ABSTRACT
The role of the Huanan Seafood Market in the early SARS-CoV-2 outbreak remains unclear. Recently the Chinese CDC released data from deep sequencing of environmental samples collected from the market after it was closed on January-1-2020 (Liu et al. 2023a). Prior to this release, Crits-Christoph et al. (2023) analyzed data from a subset of the samples. Both studies concurred that the samples contained genetic material from a variety of species, including some like raccoon dogs that are susceptible to SARS-CoV-2. However, neither study systematically analyzed the relationship between the amount of genetic material from SARS-CoV-2 and different animal species. Here I implement a fully reproducible computational pipeline that jointly analyzes the number of reads mapping to SARS-CoV-2 and the mitochondrial genomes of chordate species across the full set of samples. I validate the presence of genetic material from numerous species, and calculate mammalian mitochondrial compositions similar to those reported by Crits-Christoph et al. (2023). However, the number of SARS-CoV-2 reads is not consistently correlated with reads mapping to non-human susceptible species. For instance, 14 samples have >20% of their chordate mitochondrial material from raccoon dogs, but only one of these samples contains any SARS-CoV-2 reads, and that sample only has 1 of ∼200,000,000 reads mapping to SARS-CoV-2. Instead, SARS-CoV-2 reads are most correlated with reads mapping to various fish, such as catfish and largemouth bass. These results suggest that while metagenomic analysis of the environmental samples is useful for identifying animals or animal products sold at the market, co-mingling of animal and viral genetic material is unlikely to reliably indicate whether any animals were infected by SARS-CoV-2.

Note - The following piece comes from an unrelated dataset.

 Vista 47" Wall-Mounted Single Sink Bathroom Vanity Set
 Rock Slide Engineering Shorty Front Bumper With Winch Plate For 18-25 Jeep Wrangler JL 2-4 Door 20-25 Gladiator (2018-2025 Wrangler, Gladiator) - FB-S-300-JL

Competing Interest Statement
JDB is on the scientific advisory boards of Apriori Bio, Aerium Therapeutics, Invivyd, the Vaccine Company, and Oncorus; consults for GSK; and receives royalty payments as an inventor on Fred Hutch licensed patents related to deep mutational scanning of viral proteins.
Footnotes
This revision makes some minor updates that are summarized in the new supplementary appendix. None of the changes substantially alter the results/conclusions. Briefly: (1) Adds metagenomic sequencing analysis for a few samples (eg, A20) that were sequenced both metagenomically and with viral enrichment. Previously all such samples were discarded, now the metagenomic data is separated from the viral enrichment. (2) More consistent preprocessing of single and paired-end reads by fastp (3) Addition of tables (eg Table S8 and S9) that show mammalian in addition to chordate composition, or have no cutoff on samples shown. (4) Supplementary appendix replying to Debarre and Crits-Christoph comments.